That's bud. I'll admit a few of you guys got me nervous that I won't be able to ride the powder.

Driving up now. Tons of rain so far in northern CT. Any decent bars with good beer in town?


----------



## KIRKRIDER (Mar 18, 2008)

njfastlfie said:


> That's bud. I'll admit a few of you guys got me nervous that I won't be able to ride the powder.
> 
> Driving up now. Tons of rain so far in northern CT. Any decent bars with good beer in town?


Of course you will! just pace yourself and avoid flats.


----------



## surfinsnow (Feb 4, 2010)

njfastlfie said:


> That's bud. I'll admit a few of you guys got me nervous that I won't be able to ride the powder.
> 
> Driving up now. Tons of rain so far in northern CT. Any decent bars with good beer in town?


Decent bars in CT or once you get to Stowe? Lots of bars in Stowe. In Northern, CT…there is stuff off of the Enfield exit.
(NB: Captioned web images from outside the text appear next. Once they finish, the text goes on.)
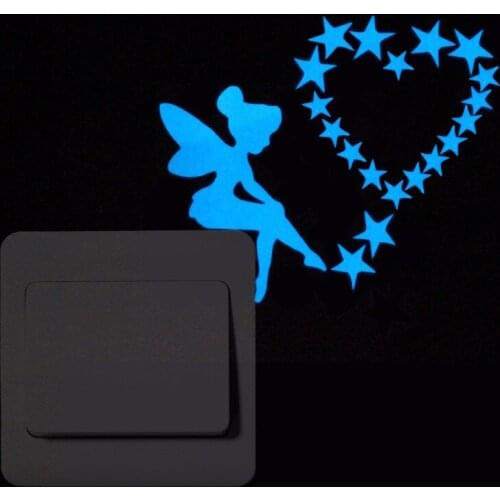 Light Switch Sticker Luminous Wall Stickers Cartoon Glow in the Dark Sticker Decal For Kids Room Decoration Home Decor Cat Fairy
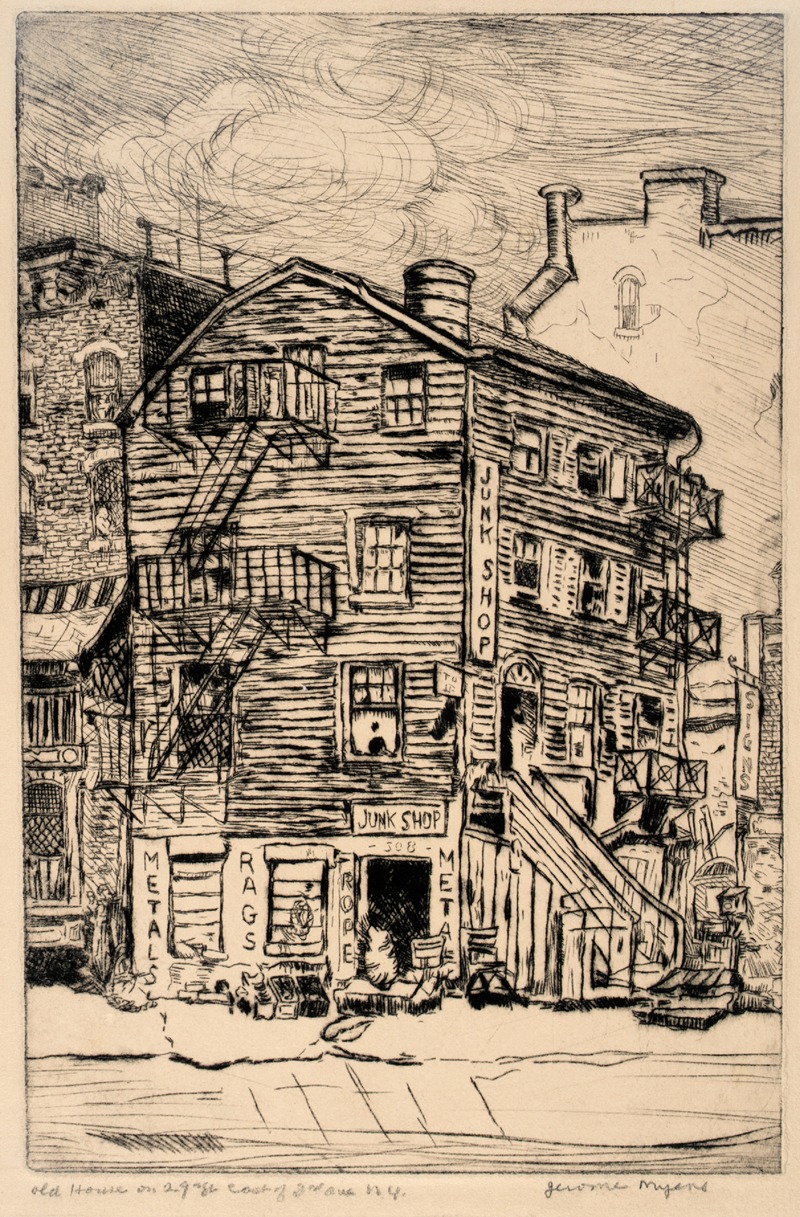 Jerome Myers - Old House On 29th St. East Of 3rd Ave. N.Y.
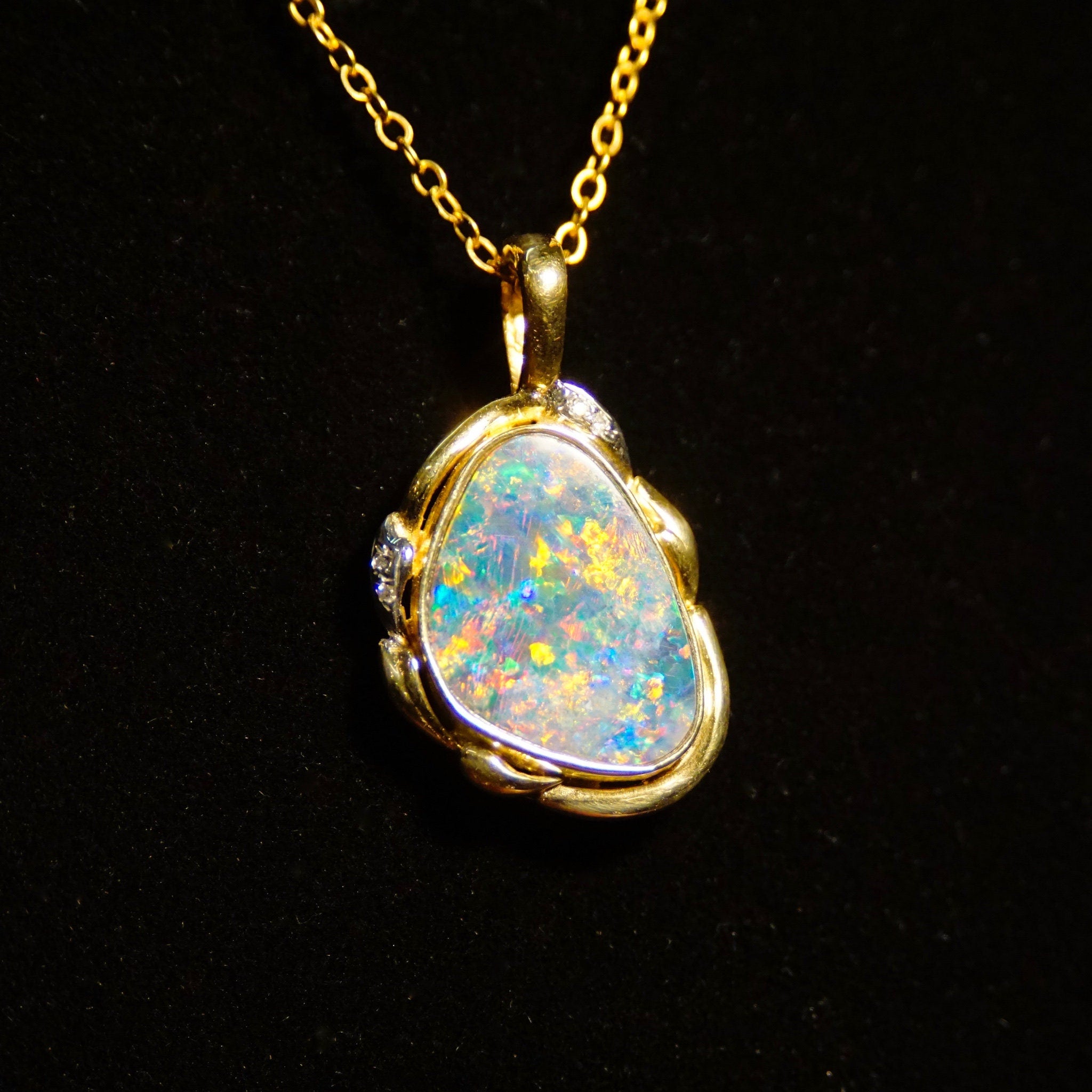 Vintage 14K Gold Crystal Opal & Diamond Pendant, Gorgeous Opalescent Pendant With Accent Diamonds, Ornate Gold Opal Necklace Pendant, 14K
Nothing great, typical mall kind of stuff with a couple of good local pizza joints and a good Italian joint next to Target.

Don't sweat it about Stowe. It's a great place. Just remember that it is two different places -- Spruce Peak is the brand new fancy lodge, with a mellower family mountain. Mansfield is old school with a rustic old lodge but long runs and serious steeps (if you want 'em). You'll have a great time!


----------



## CassMT (Mar 14, 2013)

njfastlfie said:


> That's bud. I'll admit a few of you guys got me nervous that I won't be able to ride the powder.


of course you'll be able to ride it...just don't think about this thread! *t-m-i*, lol


----------



## Kenai (Dec 15, 2013)

I'm not going to repeat everything others said, but I agree with the guys who said steep and fast. Go at least a little steeper than you are normally comfortable and a LOT faster: A) it is actually a ton easier to ride, and B) if you totally wipe out it will be as soft a wipe out as you will ever get. There is no better time to push your limits. 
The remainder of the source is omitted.